**AIM OF THE EXERCISE:** Give back only the lines in the records below from the one with "Cuentos de Cine" to the one with "P....s....fashion Ž. kaiŠevi", both inclusive, word for word.
##### RECORDS FOR THE EXERCISE
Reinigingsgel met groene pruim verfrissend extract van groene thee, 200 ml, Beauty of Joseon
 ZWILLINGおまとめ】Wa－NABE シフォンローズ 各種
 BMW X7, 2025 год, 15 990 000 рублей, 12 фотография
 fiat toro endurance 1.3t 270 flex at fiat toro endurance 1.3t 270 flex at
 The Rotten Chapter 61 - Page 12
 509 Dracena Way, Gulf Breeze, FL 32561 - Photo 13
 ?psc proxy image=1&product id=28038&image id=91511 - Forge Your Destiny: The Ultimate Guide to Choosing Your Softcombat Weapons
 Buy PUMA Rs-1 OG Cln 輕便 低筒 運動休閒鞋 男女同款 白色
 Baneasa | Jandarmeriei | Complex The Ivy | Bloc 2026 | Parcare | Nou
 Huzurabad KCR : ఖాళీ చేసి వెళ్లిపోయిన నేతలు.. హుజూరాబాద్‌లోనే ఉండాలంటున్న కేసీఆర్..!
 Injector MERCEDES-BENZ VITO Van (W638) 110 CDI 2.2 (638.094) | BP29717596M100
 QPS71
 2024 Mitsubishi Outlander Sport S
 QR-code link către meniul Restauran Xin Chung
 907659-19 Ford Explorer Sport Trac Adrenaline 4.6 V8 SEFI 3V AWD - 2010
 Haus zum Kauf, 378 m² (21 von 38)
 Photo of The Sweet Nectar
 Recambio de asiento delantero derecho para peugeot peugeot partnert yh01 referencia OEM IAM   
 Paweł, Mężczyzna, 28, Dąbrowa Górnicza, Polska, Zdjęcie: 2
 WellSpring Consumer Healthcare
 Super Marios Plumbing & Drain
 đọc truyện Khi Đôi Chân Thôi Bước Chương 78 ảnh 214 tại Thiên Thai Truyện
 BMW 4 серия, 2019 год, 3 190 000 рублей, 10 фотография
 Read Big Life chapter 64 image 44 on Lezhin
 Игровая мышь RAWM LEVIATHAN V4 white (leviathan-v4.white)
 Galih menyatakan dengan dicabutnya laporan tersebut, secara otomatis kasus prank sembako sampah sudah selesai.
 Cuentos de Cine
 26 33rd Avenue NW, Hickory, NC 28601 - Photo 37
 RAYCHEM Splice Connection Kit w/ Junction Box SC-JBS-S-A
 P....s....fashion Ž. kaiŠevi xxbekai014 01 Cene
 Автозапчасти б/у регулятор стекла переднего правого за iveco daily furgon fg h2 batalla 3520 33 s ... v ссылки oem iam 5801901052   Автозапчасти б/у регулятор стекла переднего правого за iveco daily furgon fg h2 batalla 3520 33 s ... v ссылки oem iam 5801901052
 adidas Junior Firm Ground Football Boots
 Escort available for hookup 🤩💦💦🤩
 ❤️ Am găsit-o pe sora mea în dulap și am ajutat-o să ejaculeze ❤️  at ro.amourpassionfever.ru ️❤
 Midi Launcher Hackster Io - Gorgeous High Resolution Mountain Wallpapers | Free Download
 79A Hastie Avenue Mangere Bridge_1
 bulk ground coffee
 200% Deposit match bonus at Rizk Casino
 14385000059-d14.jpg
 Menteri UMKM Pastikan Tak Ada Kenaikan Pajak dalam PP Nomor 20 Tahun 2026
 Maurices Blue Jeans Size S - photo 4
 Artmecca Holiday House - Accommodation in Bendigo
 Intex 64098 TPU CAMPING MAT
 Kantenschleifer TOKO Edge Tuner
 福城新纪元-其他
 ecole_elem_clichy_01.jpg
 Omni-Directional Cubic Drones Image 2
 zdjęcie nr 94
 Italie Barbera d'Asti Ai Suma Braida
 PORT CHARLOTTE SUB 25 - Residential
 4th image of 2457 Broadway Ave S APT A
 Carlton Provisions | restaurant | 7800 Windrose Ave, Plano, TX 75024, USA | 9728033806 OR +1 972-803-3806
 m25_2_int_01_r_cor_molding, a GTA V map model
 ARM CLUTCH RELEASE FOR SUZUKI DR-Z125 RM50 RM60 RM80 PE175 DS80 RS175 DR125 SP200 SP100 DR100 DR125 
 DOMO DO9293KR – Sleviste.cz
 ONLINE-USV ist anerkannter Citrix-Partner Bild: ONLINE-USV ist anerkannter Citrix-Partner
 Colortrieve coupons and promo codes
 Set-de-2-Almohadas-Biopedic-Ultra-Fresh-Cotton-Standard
##########
**RESPONSE AREA:**
 Cuentos de Cine
 26 33rd Avenue NW, Hickory, NC 28601 - Photo 37
 RAYCHEM Splice Connection Kit w/ Junction Box SC-JBS-S-A
 P....s....fashion Ž. kaiŠevi xxbekai014 01 Cene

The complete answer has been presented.